The Talk

I almost never spoke about my past as an addict. Then adolescence came for my son.

The Talk

I can still remember the street corner in Brooklyn where we were standing, waiting for the light to change, when my wife told me she wanted to have kids. It was a warm weekend day in the summer of 2007: bass rattling the passing cars, sun scumbling the trees, bacon-smell wafting from the wide-open door of the Bona Fide II, our local deli. We were on our way home, but from where? The movies? A museum? Someone’s rooftop? A walk across the bridge? The possibilities facing a childless couple on a day off (even a couple barely making rent on the far side of the BQE) now appear to me so lavish as to be unrecognizable. Still, I must have been aware even then of the fragility of our good fortune—must have felt on some level that we were getting away with something—because my first thought was Life is heaven, honey, why change it?

            My second, probably, was that whenever we’d discussed this stuff before, she’d sworn off becoming a mother … a fact I might have turned to my advantage, had I not then turned to see her face. The set of her chin, as if afraid of being hurt. The terrible vulnerability of a person changing her mind. Her ravenousness for change was something I’d loved in her from the very beginning. It was also, incidentally, near the heart of my love for New York: a place not of perfection but of heedless motion, what E. B. White called “growth against odds, sap-rise in the midst of concrete, and the steady reaching for the sun.” And in the time it took the signal to go green, something in me changed too. I reached for her hand and said: Okay, then, let’s try something different.

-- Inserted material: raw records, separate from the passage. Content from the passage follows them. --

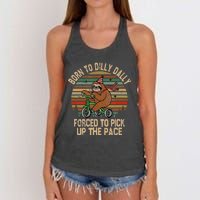 Born To Dilly Dally Forced To Pick Up The Pace Cute Sloth Women's Knotted Racerback Tank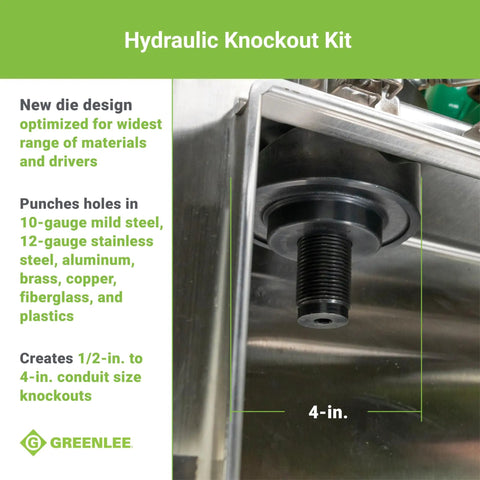 Close-up of 4-inch die in 11 Ton Hydraulic Knockout Punch Kit With Hand Pump And Ram, From Half Inch To Four Inch Slug Buster Punches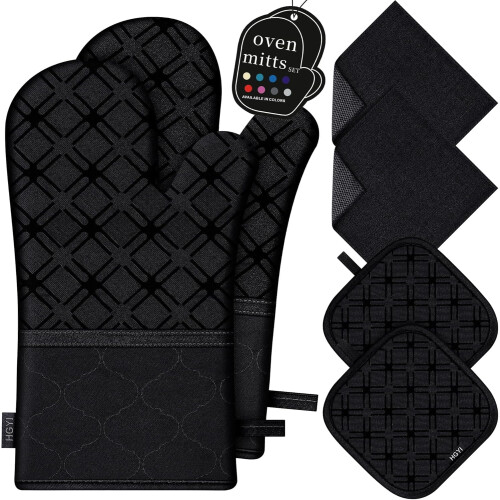 Ofenhandschuhe und Topflappen-Set mit Mikrofasertüchern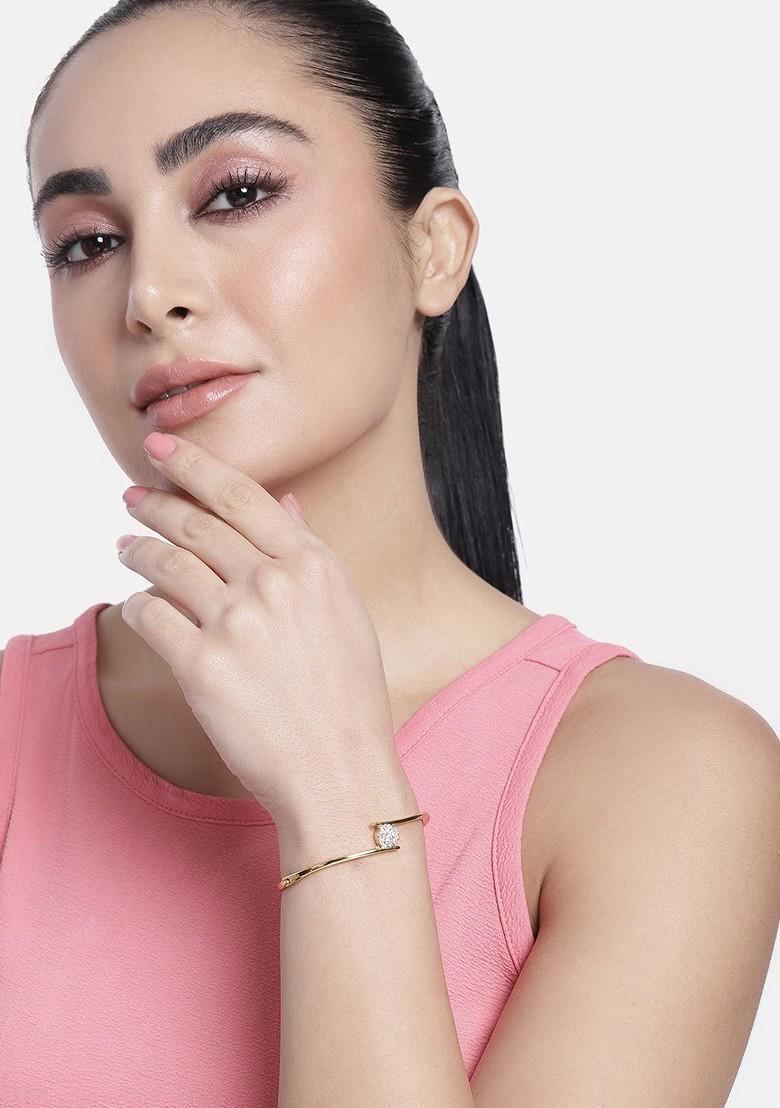 White Crystals Gold Plated Bangles And Bracelets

            All of which is to say that I embarked on the great transformation of my adult life without much forethought. Just zagged where I’d expected to keep zigging. If there was fine print to read, I skipped it. I was on the east side of Hicks Street and I didn’t want children; then I was on the west side and I did. What came in between was a mystery.

            Now, all these years later, I sometimes wonder if it’s possible to enter into parenthood any other way. This isn’t to minimize the ongoing threat to women’s reproductive choices, nor to denigrate the extension of family planning into other regions of contemporary life—fertility trackers, momfluencer accounts, apps that turn your phone into a registry scanner for BuyBuy Baby. For so many people, for so many reasons, having kids involves more than just two consenting adults with the requisite gametes opting to dispense with birth control.

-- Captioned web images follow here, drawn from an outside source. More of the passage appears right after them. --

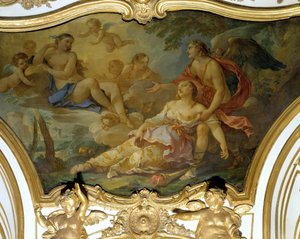在金星天花板绘画查尔斯约瑟夫 Natoire (Charles-Joseph Natoire) 面前的恐惧心理缺陷 作者 查尔斯·约瑟夫·纳托尔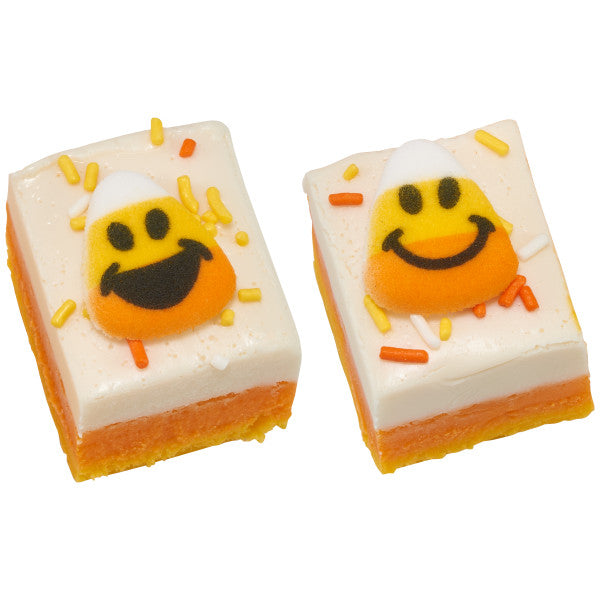 Candy Corn Face Edible Icing Toppers 12 Asstd.
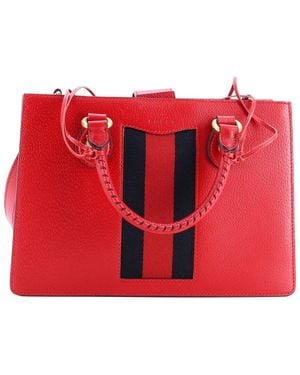 Gucci Animalier Web Top Handle Tote Medium (authentic Pre-loved) - Red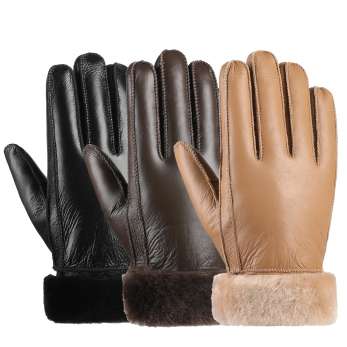 Multi color fur integrated thick and extra thick warm gloves YT20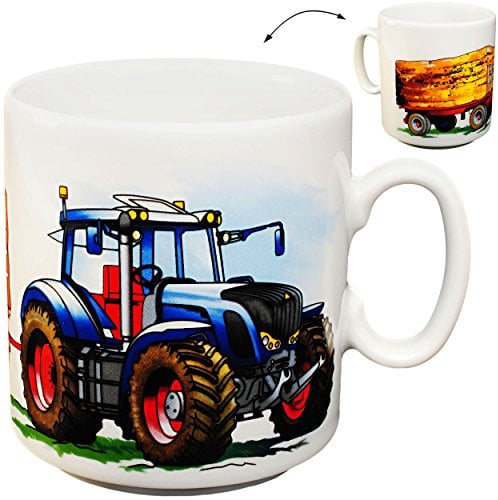 alles-meine.de GmbH große Tasse - Trinkbecher/Henkeltasse - Traktor - Trecker mit Anhänger - Bauernhof - 260 ml - aus Porzellan/Keramik - Trinklerntasse - Jungen - Kinder..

            And yet, in my experience, family planning goes only so far before it becomes an oxymoron. It’s possible to believe, I think, that if you just optimize your decision making—waiting for the ideal time in your career to become a parent or, alternatively, trying for kids early, when career matters less; scheduling a C-section for the right day or, alternatively, writing up a birth plan to avoid even an epidural; saving up for the highest-end gear or, alternatively, saying the hell with it and asking your loved ones to donate to a college-savings account—then you can guarantee your future child’s happiness. But of course you can’t: That’s the point of bringing another autonomous human being into the world. No one knows what to expect when they’re expecting.

            And maybe I knew that already; maybe it’s why I couldn’t give myself time to think. Maybe the reason I undertook fatherhood so blithely, so blindly, is that if I’d paused for even a second to consider the range of outcomes for my children-to-be, the fear would have stopped me cold. Not just fear of their freedom, though that alone is terrifying, but also something like its opposite: fear that they wouldn’t be free enough. Fear that because of bad genes or bad influence or some combination thereof they’d inherit the troubles—depression, addiction—I’ve barely succeeded in writing out of this story so far. The troubles that, at 28, 29, I still believed I could write out of my life.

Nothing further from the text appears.